I have written some code which solve the problem just fine when the limit is 10, 100, 1000 or 10000 but when the limit is 1000000 as the problem requires, the program takes too much time to finish running!!

What can be done to my code to make the program faster?

package com.company;
import java.util.ArrayList;

class ConsecutivePrimeSum {
public static int limit=1000000;
int lengthOfTheLongest =0;
int sumOfTheLongest =0;

void solution(){
ArrayList<Integer> arrayOfPrimes=generatePrimes();
scanSequences(arrayOfPrimes);
System.out.println("The longest sum is "+ sumOfTheLongest +"  and contains "+lengthOfTheLongest+" terms");
}
private ArrayList<Integer> generatePrimes(){
ArrayList<Integer> arrayOfPrimes=new ArrayList<Integer>();
for(int i=limit;i>=2;i--){
if(isPrime(i)){
}
}
return arrayOfPrimes;
}

/**
* @param s
* this scans ArrayList s, to get sequence of prime numbers and calculate
* their sum and corresponding length
* then assign the longest length to the variable lengthOfTheLongest, and its sum to variable sumOfTheLongest
*/
private void scanSequences(ArrayList<Integer> s){
ArrayList<Integer> cumulativeSums=generateCumulativeSums(s);
for(int start=1;start<=s.size();start++){
for (int end=s.size()-1;end>=start;end--){
if(!isPrime(sumFromTo(cumulativeSums,start,end)))  continue;
if(sumFromTo(cumulativeSums,start,end)>limit) break;
if ((end-start+1)> lengthOfTheLongest){
sumOfTheLongest =sumFromTo(cumulativeSums,start,end);
lengthOfTheLongest =(end-start+1);
}
}
}

}

/**
* @param s
* @return arraylist of cumulative sums of the elements in s
*/
private ArrayList<Integer> generateCumulativeSums(ArrayList<Integer> s){
int sum=0;
ArrayList<Integer> cumulativeSums=new ArrayList<Integer>();
for (int i=0;i<s.size();i++){
}
return cumulativeSums;
}

/**
* @param a is an ArrayList whose elements are to be summed
* @param start is the index of where summing should start
* @param end is the index of where summing should end
* @return the obtained sum
*/
private int sumFromTo( ArrayList<Integer> a,int start, int end){
int sum;
sum=a.get(end)-a.get(start-1);
return sum;
}

private static boolean isPrime(int number){
boolean isPrime=false;
int divider=2;
int count=0;
while(divider<=number){
if(number%divider==0)
count=count+1;
divider=divider+1;
}
if(count==1)
isPrime=true;

return isPrime;
}

}
class Test{
public static void main(String [] args){
ConsecutivePrimeSum consecutivePrimeSum=new ConsecutivePrimeSum();
consecutivePrimeSum.solution();
}
}

$$$$

• Hello, this question is off-topic, since the code is not working as intended; I suggest that you read the What topics can I ask about here? Code Review aims to help improve working code. If you are trying to figure out why your program crashes or produces a wrong result, ask on Stack Overflow instead. Code Review is also not the place to ask for implementing new features. Mar 21, 2020 at 14:18
• @Doi9t Improving performance questions are on topic here. The code apparently works as intended for smaller limits.
– vnp
Mar 21, 2020 at 22:02
• What are your ideas for a better algorithm? Mar 22, 2020 at 0:22
• The current question title, which states your concerns about the code, applies to too many questions on this site to be useful. The site standard is for the title to simply state the task accomplished by the code. Please see How do I ask a good question? for examples, and revise the title accordingly. Mar 22, 2020 at 1:27

• Generation of prime numbers is suboptimal. Use a sieve of Erathosthenes.

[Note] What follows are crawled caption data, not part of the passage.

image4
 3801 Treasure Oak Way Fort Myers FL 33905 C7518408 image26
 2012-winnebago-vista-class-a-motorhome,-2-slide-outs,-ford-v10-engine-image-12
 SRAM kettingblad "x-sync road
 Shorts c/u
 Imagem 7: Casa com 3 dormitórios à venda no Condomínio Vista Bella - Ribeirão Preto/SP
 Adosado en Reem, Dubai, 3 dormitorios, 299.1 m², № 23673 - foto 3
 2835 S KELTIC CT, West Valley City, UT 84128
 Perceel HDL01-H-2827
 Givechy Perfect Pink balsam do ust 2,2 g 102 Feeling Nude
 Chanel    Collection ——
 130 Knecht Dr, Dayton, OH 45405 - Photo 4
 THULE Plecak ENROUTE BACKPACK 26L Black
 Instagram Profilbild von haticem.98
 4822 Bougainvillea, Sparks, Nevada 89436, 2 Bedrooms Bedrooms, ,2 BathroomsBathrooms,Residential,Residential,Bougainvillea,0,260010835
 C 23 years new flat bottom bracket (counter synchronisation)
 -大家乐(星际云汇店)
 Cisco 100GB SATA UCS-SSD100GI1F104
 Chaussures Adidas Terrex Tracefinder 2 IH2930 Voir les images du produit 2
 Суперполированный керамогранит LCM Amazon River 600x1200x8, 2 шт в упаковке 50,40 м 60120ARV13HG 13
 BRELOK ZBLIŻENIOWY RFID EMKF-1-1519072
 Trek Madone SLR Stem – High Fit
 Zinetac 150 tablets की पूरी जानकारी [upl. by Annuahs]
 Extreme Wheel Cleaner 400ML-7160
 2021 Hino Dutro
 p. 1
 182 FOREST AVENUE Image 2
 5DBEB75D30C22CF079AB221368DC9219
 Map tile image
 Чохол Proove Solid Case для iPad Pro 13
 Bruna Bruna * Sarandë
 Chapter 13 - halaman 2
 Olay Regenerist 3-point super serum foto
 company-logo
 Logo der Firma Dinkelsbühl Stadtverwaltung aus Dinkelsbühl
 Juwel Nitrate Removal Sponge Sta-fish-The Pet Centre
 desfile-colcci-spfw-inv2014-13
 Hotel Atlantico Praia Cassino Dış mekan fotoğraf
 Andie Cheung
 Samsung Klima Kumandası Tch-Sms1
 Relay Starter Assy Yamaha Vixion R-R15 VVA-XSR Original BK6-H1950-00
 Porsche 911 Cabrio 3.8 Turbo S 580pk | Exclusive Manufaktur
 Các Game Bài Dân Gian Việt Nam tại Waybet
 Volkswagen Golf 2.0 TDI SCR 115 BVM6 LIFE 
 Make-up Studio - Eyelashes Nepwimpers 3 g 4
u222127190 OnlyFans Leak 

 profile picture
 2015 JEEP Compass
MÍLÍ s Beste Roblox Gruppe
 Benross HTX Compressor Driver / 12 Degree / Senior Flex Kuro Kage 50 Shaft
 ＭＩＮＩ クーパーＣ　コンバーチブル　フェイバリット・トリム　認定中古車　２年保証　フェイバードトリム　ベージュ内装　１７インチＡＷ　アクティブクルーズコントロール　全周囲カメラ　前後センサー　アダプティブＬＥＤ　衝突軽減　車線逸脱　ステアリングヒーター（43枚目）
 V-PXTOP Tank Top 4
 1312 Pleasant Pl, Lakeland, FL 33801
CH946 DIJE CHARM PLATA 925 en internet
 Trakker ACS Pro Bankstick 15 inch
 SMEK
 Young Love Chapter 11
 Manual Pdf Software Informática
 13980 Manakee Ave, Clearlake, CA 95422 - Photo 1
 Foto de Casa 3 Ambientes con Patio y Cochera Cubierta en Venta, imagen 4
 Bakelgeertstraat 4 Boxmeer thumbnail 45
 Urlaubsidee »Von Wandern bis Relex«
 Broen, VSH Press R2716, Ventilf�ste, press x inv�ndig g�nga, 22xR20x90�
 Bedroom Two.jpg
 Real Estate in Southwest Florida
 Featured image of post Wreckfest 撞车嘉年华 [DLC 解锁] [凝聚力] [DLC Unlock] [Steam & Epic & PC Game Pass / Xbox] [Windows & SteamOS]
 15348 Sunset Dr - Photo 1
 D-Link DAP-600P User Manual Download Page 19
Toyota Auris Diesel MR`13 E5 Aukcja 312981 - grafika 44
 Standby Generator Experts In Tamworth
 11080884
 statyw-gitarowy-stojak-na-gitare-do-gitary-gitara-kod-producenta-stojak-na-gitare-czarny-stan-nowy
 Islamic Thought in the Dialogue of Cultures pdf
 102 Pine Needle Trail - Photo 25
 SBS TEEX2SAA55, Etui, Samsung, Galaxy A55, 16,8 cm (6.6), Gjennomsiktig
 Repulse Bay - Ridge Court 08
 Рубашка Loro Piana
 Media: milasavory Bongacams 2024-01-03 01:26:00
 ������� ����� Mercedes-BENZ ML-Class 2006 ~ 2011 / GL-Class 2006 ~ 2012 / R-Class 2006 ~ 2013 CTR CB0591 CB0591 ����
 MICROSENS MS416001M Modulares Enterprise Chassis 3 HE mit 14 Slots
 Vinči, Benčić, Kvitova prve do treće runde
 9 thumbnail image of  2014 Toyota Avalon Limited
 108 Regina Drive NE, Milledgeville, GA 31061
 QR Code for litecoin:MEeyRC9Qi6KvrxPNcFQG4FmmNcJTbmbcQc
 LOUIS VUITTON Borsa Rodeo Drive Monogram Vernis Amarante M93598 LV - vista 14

• isPrime is highly suboptimal. You already generated an array of all necessary primes, so just binary search it.

• Breaking the loop in

        if(sumFromTo(cumulativeSums,start,end)>limit)
break;


looks like a bug. The intention is to loop by decreasing end, yet since the loop starts with the very long sequence, its sum is likely to exceed the limit right away. Shorter sequences with the same start are never tested.

Consider finding the proper end as an upper limit of a sumFromTo(cumulativeSums, start, end) <= limit predicate (hint: another binary search).

• You are not interested in all sequences of the primes. Most of the primes execs 2 are odd. Notice that if the sequence has an even number of odd primes, its sum is even, that is not a prime. Once the correct end is established, you may safely decrease it by 2.

• Style wise, give your operators some breathing space.

    for (int end = s.size() - 1; end >= start; end--) {


    for (int end=s.size()-1;end>=start;end--){


PS: I am not aware of any math regarding sums of consecutive primes. It is very much possible that such math exists, and the goal of this problem is to discover it. That would be a true optimization.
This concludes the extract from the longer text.